**GIVEN DATA:**
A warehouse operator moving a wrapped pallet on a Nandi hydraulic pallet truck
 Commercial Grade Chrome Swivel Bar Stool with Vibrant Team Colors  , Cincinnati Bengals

--

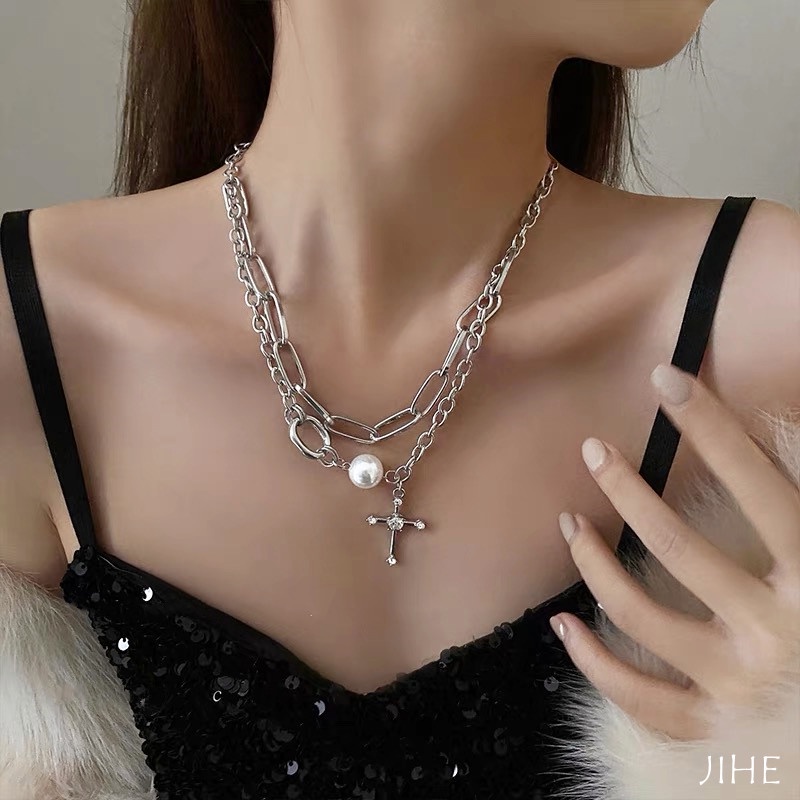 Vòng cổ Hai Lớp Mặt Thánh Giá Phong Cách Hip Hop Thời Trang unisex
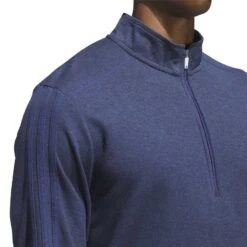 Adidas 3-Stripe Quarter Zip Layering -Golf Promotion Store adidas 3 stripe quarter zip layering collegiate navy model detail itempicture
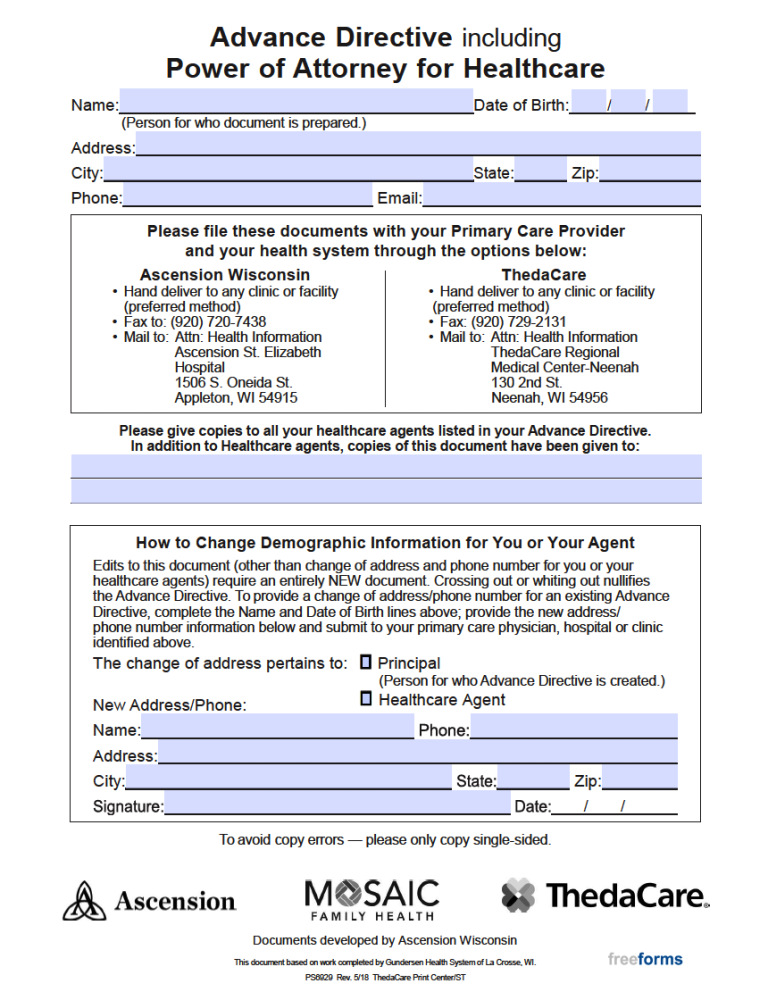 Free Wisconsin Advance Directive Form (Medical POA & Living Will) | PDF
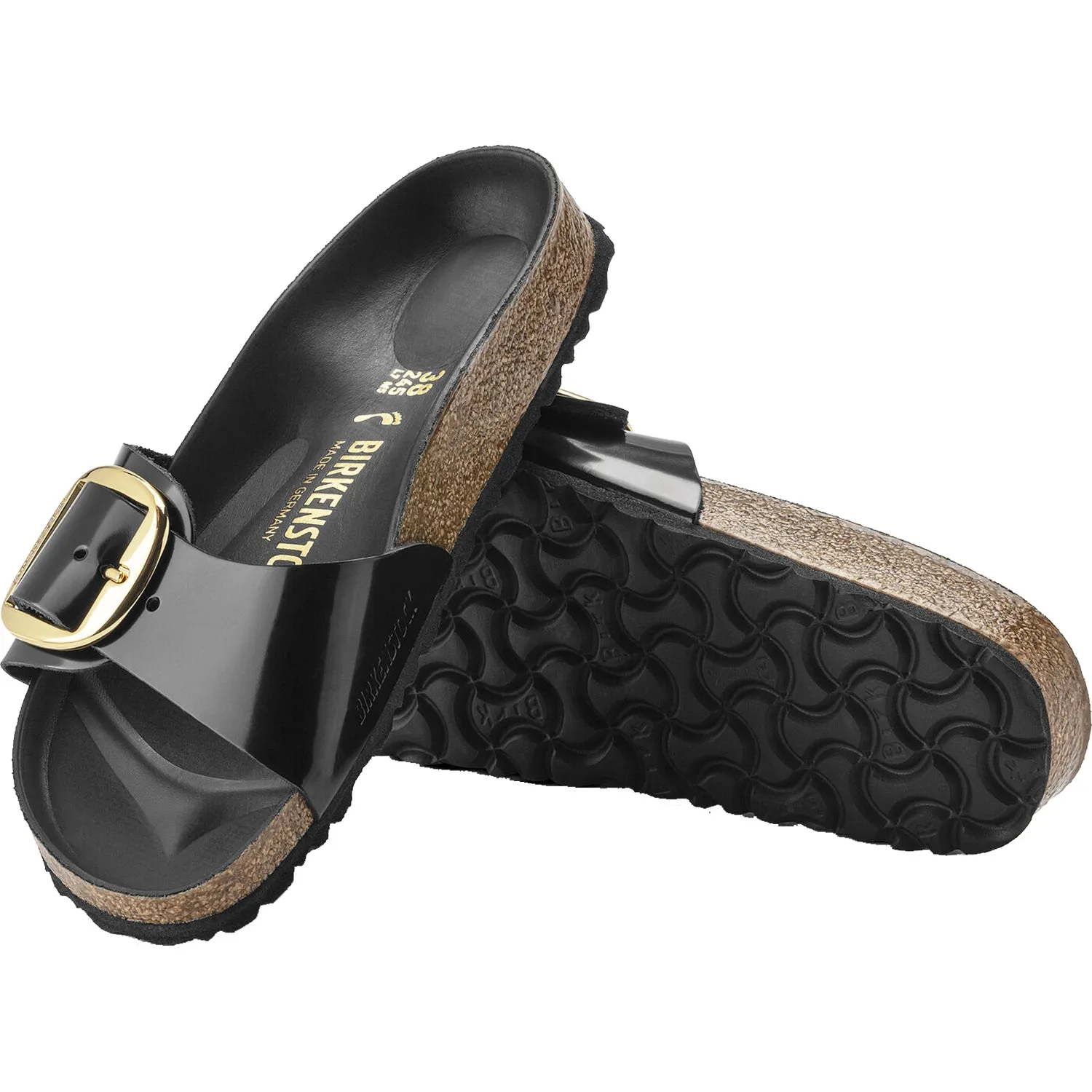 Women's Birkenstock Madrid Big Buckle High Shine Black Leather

**YOUR GOAL:**
Extract exactly and only the lines above from the line containing "A warehouse operator" through the line containing "Commercial Grade Chrome", both end lines included.

**ANSWER TO THE EXERCISE:**
A warehouse operator moving a wrapped pallet on a Nandi hydraulic pallet truck
 Commercial Grade Chrome Swivel Bar Stool with Vibrant Team Colors  , Cincinnati Bengals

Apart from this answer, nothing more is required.